Editoriale Radio Onda Libera del 16 giugno 2016
Oggi parliamo di debito pubblico, per il quale va registrato un nuovo record, negativo. Ad aprile siamo a quota 2.230 miliardi. Rispetto a marzo il dato aumenta di 2,1 miliardi quando era stato stimato in 2.228,7 miliardi. Si tratta del secondo massimo storico consecutivo. Il dato è stato pubblicato mentre il presidente dell’Antitrust, Giovanni Pitruzzella, presentava la sua relazione al Parlamento.
“Il forte peso del debito pubblico – ha spiegato – pone limiti significativi alla possibilità di condurre politiche di crescita prevalentemente basate sullo stimolo fiscale. Questo limite sussiste indipendentemente dalle regole europee e dai loro margini di flessibilità”.

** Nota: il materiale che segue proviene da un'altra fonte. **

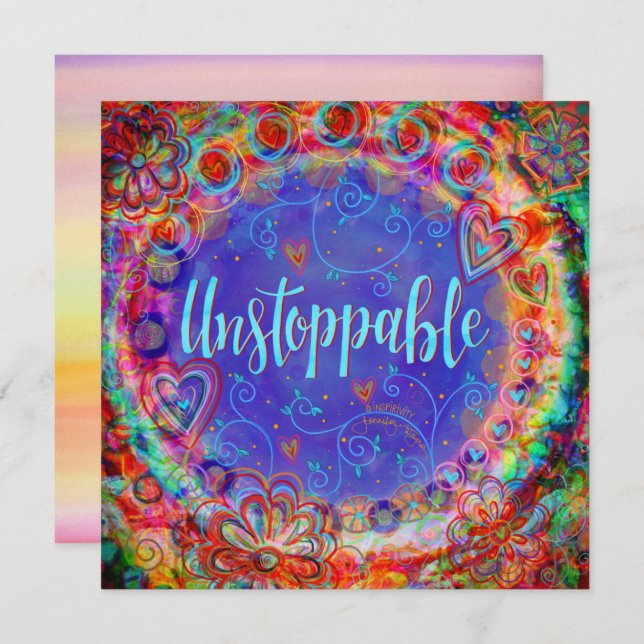 Pretty Colourful Unstoppable Motivational Phone Thank You Card (Front/Back)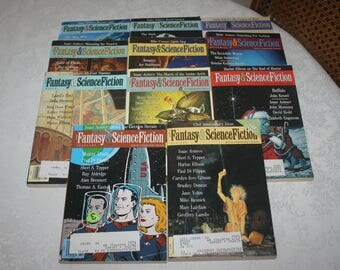 Eleven 11 Vintage Fantasy & Science Fiction Magazines Sci Fi Fantasy Science Fiction, 1991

Detto in soldoni, se non si abbassa il debito pubblico non ci può essere crescita e se non c'è crescita non ci può essere occupazione e se non ci sono crescita e occupazione la crisi non finisce. Insomma un gatto che si morde la coda, un circolo vizioso, che blocca il Paese e allontana la ripresa checché ne dicano osservatori ed esperti.
L'aumento del debito pubblico non è un problema di macroeconomia, che interessa solo gli economisti o gli appassionati di statistiche. Si riverbera sulle nostre vite e sui nostri bilanci, sui nostri portafogli.
Ma l’aumento del debito ha prestato anche il fianco del governo agli attacchi dell’opposizione. Da febbraio 2014, quando ha cominciato a governare Renzi, il debito pubblico italiano è aumentato di 123,20 miliardi in poco più di due anni. C’è poco da festeggiare con il No-Imu day.
Al di là della polemica politica, comprensibile tra maggioranza e opposizione, siamo dell'avviso che bisogna mettere mano a una seria manovra di spending review, a una forte e imponente riduzione della spesa pubblica, a una riduzione degli sprechi, dei lauti stipendi e delle pensioni d'oro. Solo così facendo si ridurrebbe il debito pubblico e si potrebbe pensare a Una ripresa.